### Data extract
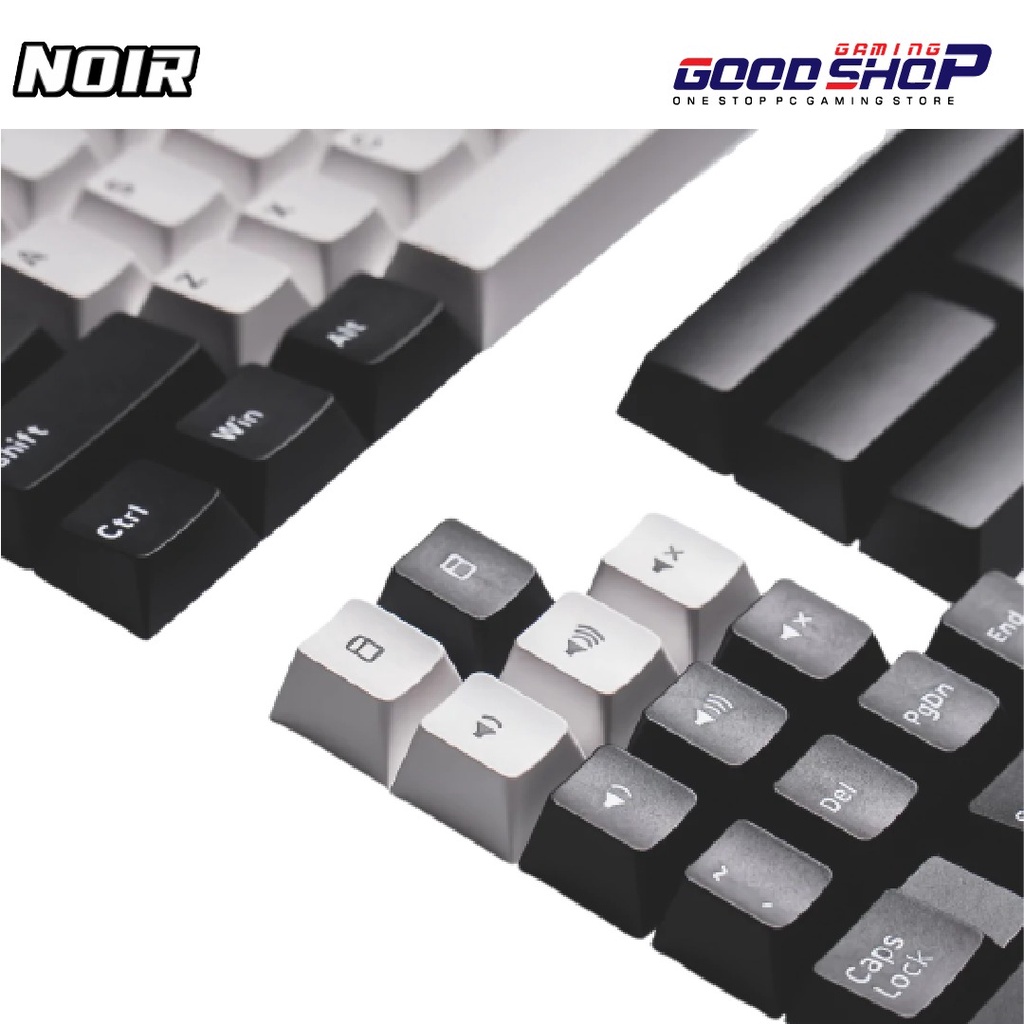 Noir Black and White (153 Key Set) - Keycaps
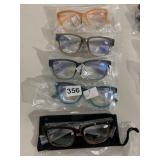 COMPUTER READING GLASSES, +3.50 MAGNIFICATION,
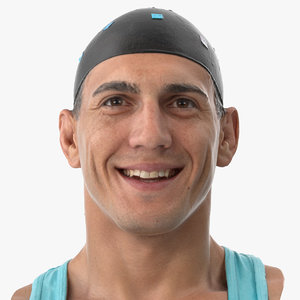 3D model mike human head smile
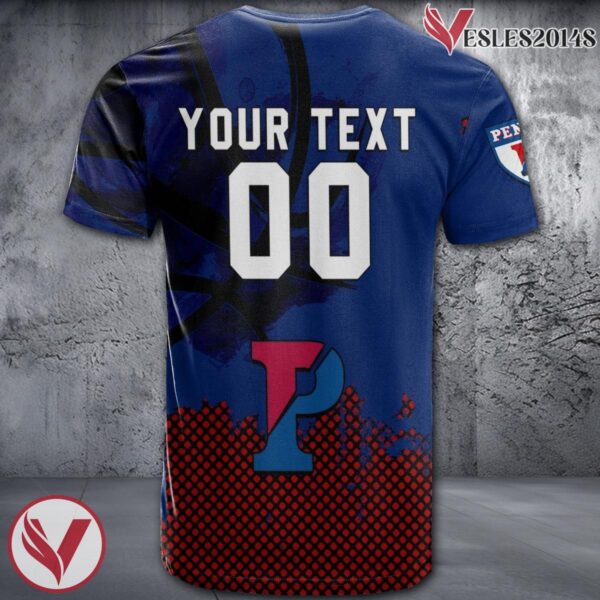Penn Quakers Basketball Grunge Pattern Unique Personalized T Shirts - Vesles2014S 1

### Exercise details
Everything in the material goes into the copy exactly, except the images.

### Answer below
 Noir Black and White (153 Key Set) - Keycaps
 COMPUTER READING GLASSES, +3.50 MAGNIFICATION,
 3D model mike human head smile
Penn Quakers Basketball Grunge Pattern Unique Personalized T Shirts - Vesles2014S 1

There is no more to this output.